Now, for the subjective part, I'll list some candidates:
NFS, rFactor, Live for Speed, the Forza series, the F1 series, the Project Gotham Racing series, GTR, Real Racing, ... Feel free to add more. In my opinion (and I'm curious about other members) these games all perform better in the engine sound department than GT5 and - how it looks for now - GT6.
 
Last edited:
Well if I don't put 'decent selling' in there, people will for example start listing indie games that no one knows or games from the 1980's.

I know there are many variables to consider when asking a question like that (age of the game, development budget, number of people in the sound department, recording method of the sound, rendering method of the sound, emphasis on sound by the developers themselves, platform that the game is released on, audience towards which the game is aimed at, number of copies solds, etc) but when you use something called common sense you can filter most of these issues out of the equation.
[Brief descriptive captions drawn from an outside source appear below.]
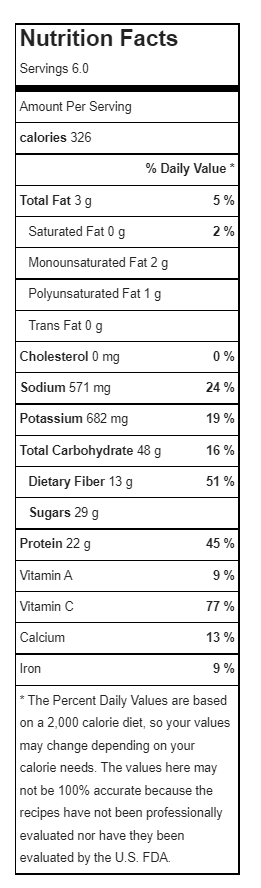 Nutrition Facts sheet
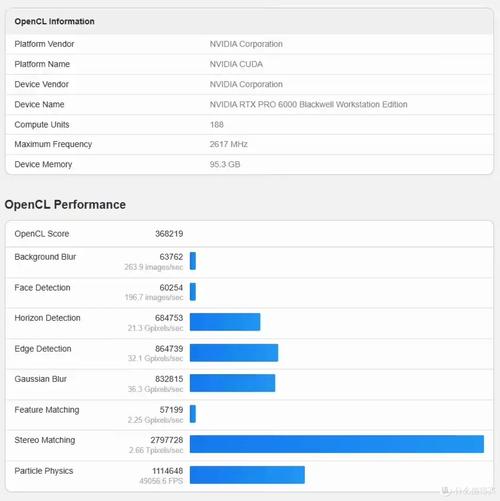 【算力mhs是什么/算力mhash】-第7张图片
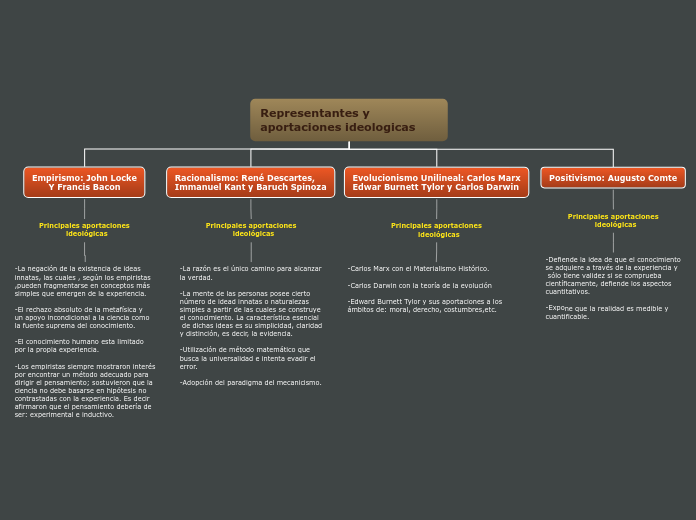 Representantes y aportaciones ideologicas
Or you can continue to nitpick about every possible factor that I might have missed or extra holes that I might have created by elaborating on the issue.

For example: what does 'better' sounds mean? More realistic? More grunt? Louder? More diverse, with gearbox whine etc included? I think you can see where I'm getting at.

Now, I'll list some candidates:
NFS, rFactor, Live for Speed, the Forza series, the F1 series, the Project Gotham Racing series, GTR, Real Racing, ... Feel free to add more. In my opinion (and I'm curious about other members) these games all perform better in the engine sound department than GT5 and - how it looks for now - GT6.

I think you covered most of it, actually. Just as long as you're aware of the fool's errand you were expecting someone else to undertake. We've discussed most of that before, and it really does come down to personal taste in a lot of cases.

I would agree that GT5's samples and depth of effects are objectively lacking, but everything else is top-notch. With new samples, or at least new engine sound sources in the game, the complete package should really shine (especially if the new system is as ... flexible as I suspect it will be). Superficially, though, it's those samples that dominate.

I hope they have a contingency plan for not being able to get the new sounds into GT6, but I'm not letting my expectations occupy the same region as my hopes.
 
It's just such a shame. The graphics are beautiful, the handling is fun, online will hopefully be fixed, but the sounds (and AI for that matter) remain utter crap. The contrast is just too big between the good and the bad of GT. How can they be so good at one thing and so bad at something else?

I also hope the sounds will be fixable in their new flexible ecosystem, but just like you I'm not getting my hopes up. I've always been a huge fan of the GT series, but GT6 might be the first game I'll ever skip. Not because I suspect it to be a bad game, just because it could have been so much better.
 
I think it's a matter of distribution of development effort and of their usual "ground-up" approach to most things (they seem to re-evaluate things on new hardware - that might be partially why old features don't reappear sometimes). I think, though, that means the stuff that isn't important (i.e. not-graphics), or is hard to master (AI etc.), takes longer to be iterated upon.

If we say that the graphics are up to version 5 in GT5, then the sound is only version 2.5 (well, the sound engine is on v.5, but the samples etc. are still on v.2). Simply put, the graphics have been iterated and refined more than anything else in the game. From the (admittedly brief) way Kaz has described it, their new sound system is genuinely a completely new approach that hasn't been done before. Depending on how that turns out, it might make sense as to why it took so long.

The question will remain, certainly for GT5 (we're still waiting with GT6), as to why they didn't prop up the current sounds to something less jarring in the mean time. It's possible they, like us, were hoping all along that the new sounds will finally be realisable in "the next game".